However, analysis of data from previous weeks showed that the application workload had been very similar (see Figure 8).
Could it be a Cloud (AWS) issue?
At this point the organization sought assistance from the support team of the cloud service provider (AWS). Two different sets of teams were involved – the EC2 team looking at the instance performance and the RDS team looking at the database performance.
The RDS team got back after their analysis recommending that the configuration of the RDS service be upgraded. This would have more than doubled the cost of the RDS service and while the business considered this recommendation, they chose to continue to explore other options because the application had been functioning well earlier and they had not had a root cause explanation to justify the change in behavior. The EC2 team did not have any findings of note either.
Where Could the Problem Lie?
The Application team decided to investigate further as they still felt that a database issue would make the most sense and explored ways of proving this. The database service was, and continued to be, continually monitored in eG Enterprise using external, synthetic monitoring and there had been alerts indicating higher database response times during the problematic period.
The data in Figure 9 indicated that connection time to the database service had increased. The metric shown in the figure is just the connection time to the database service, not the query processing time. This was strange because both the application server and database service are in the same data center and same AWS availability zone which means:
- One should expect good latency between them.
- Could the network between the application server and the database service be a problem?
AWS support were again contacted and their staff analyzed the issue and reported that there was no issue in the interconnecting network.
The application team again investigated by themselves. In-depth review of the TCP connection time recorded by eG Enterprise (Figure 10) showed that response time had large and significant variations.
This was confirmed by manually executing the Sysinternals psping tool which also showed the response time variability.
If the database service was fine and the interconnecting network didn’t have an issue, could the problem be in the application server itself? CPU usage on the application server was observed to be high during the problematic period (initially this had been attributed to the increase in database connections that the server was handling). One suggestion mooted was to double the number of CPUs on the application server, which would have caused a 2x increase in cost to the business. Again, a potential quick fix was under consideration that would have led to increased ongoing costs.
Analysis of database insert times from the application to the database service showed that the lower bound of insert time had itself increased suddenly – i.e., even during non-peak hours, database insert time was higher than normal.
Given the suspicion now was on the application server itself, it was decided to use a new VM to host the application server. And as if by magic, this solved the issue. TCP connection times to the database service were now stable and low again.
In the eG Enterprise console, the application’s database time for insert queries dropped drastically (Figure 14).
Most importantly the order processing task returned to its normal hourly behavior ensuring that retail orders were processed as needed maintaining critical revenue flow during the busy retail period in the final few days before Christmas.
To date, we/the customer does not have any explanation about why this problem occurred.
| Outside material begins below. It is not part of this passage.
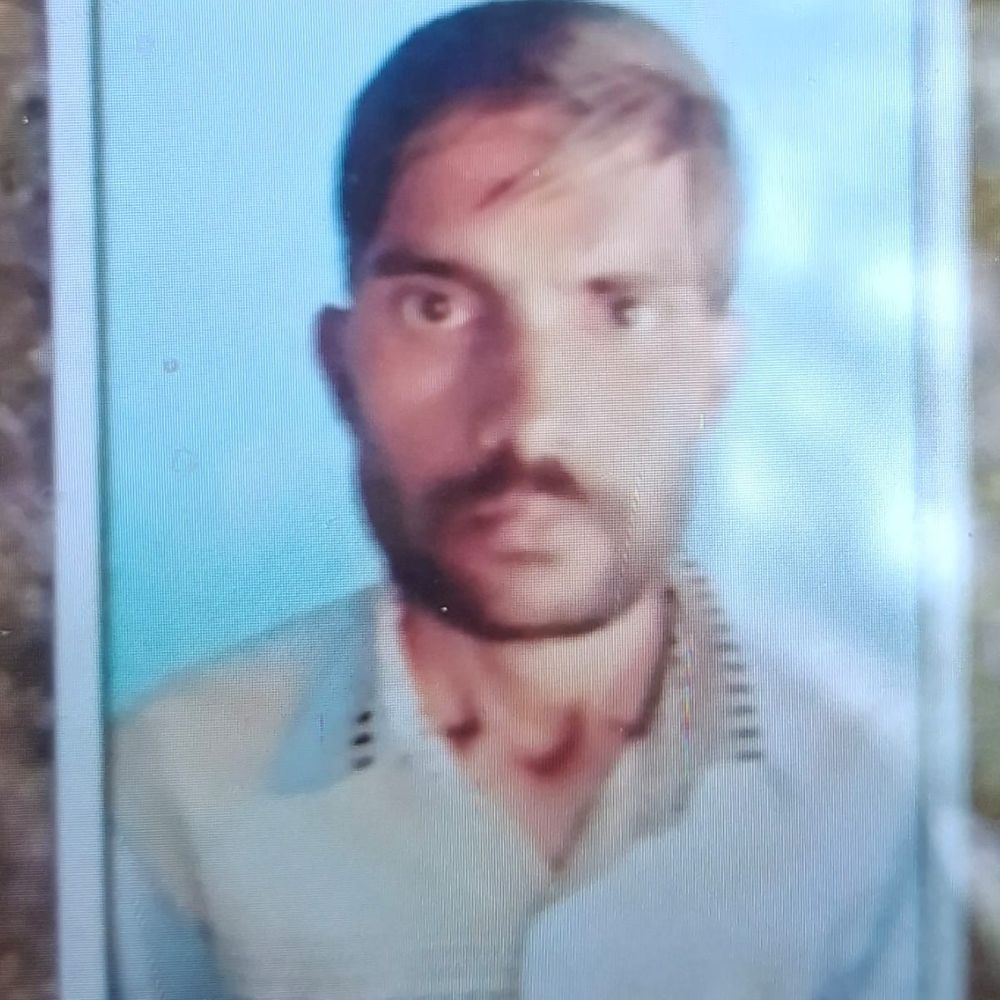 
                 जालौन में युवक की संदिग्ध हालत में मौत:कमरे में बंद कर आग लगाने की आशंका, भाई बोला- कर्ज से था परेशान 
            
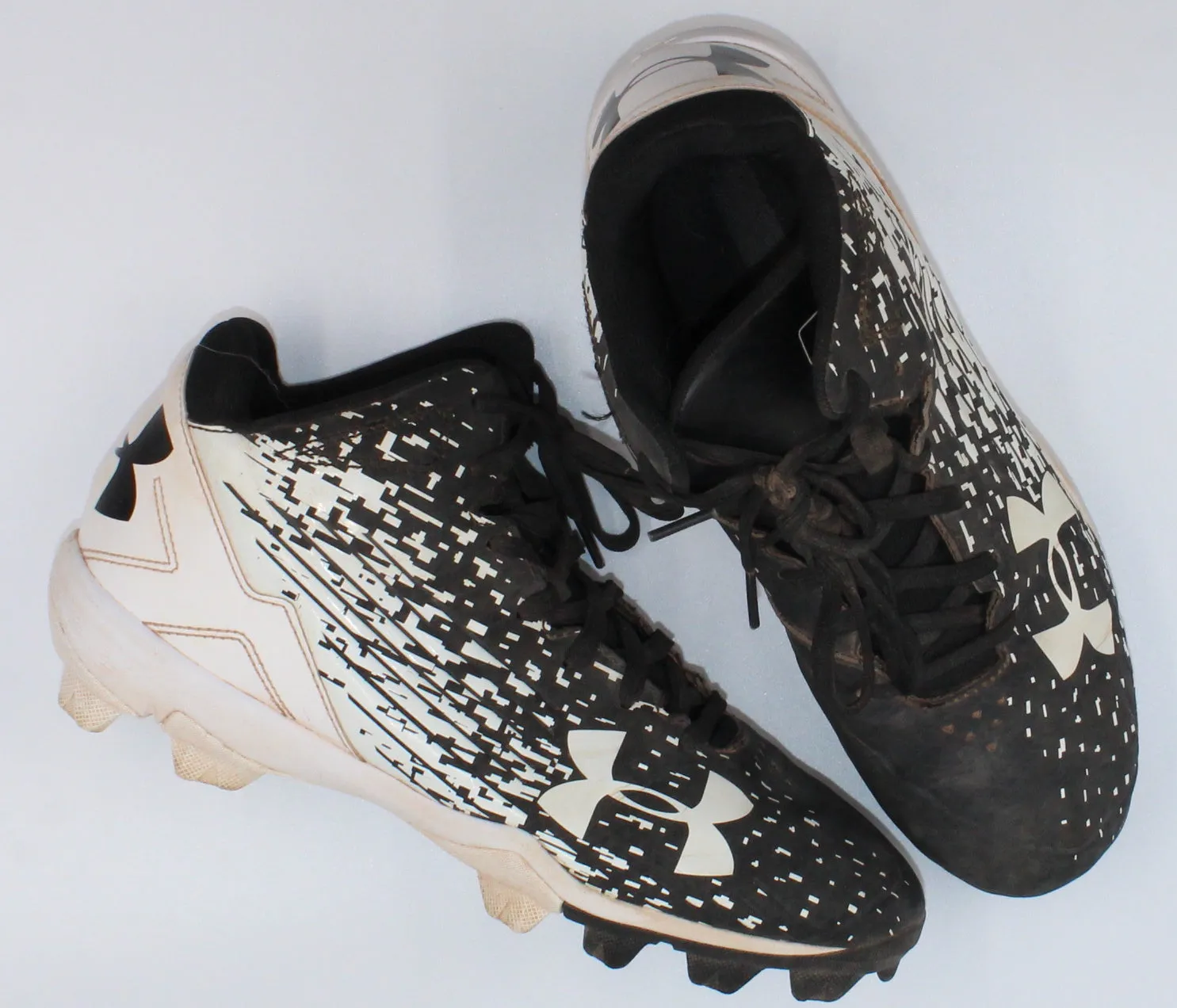 UNDERARMOUR CLEATS MENS 8 PRE-LOVED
For all we know, it could have been due to a faulty network card on the infrastructure hosting the EC2 instance. Or there could have been an update to the hypervisor that hosted the application server’s EC2 instance that triggered the application slowness issue. Since customers have no access to the underlying infrastructure in the cloud, there is no way of figuring the exact root-cause of the issue.
Conclusions and Takeaways
The customer’s experience shows the challenges with supporting business critical applications in the cloud.
- Given the lack of visibility into the cloud infrastructure, customers can risk being at the mercy of the cloud service provider. In-depth monitoring is needed to understand what is happening at each tier and each layer.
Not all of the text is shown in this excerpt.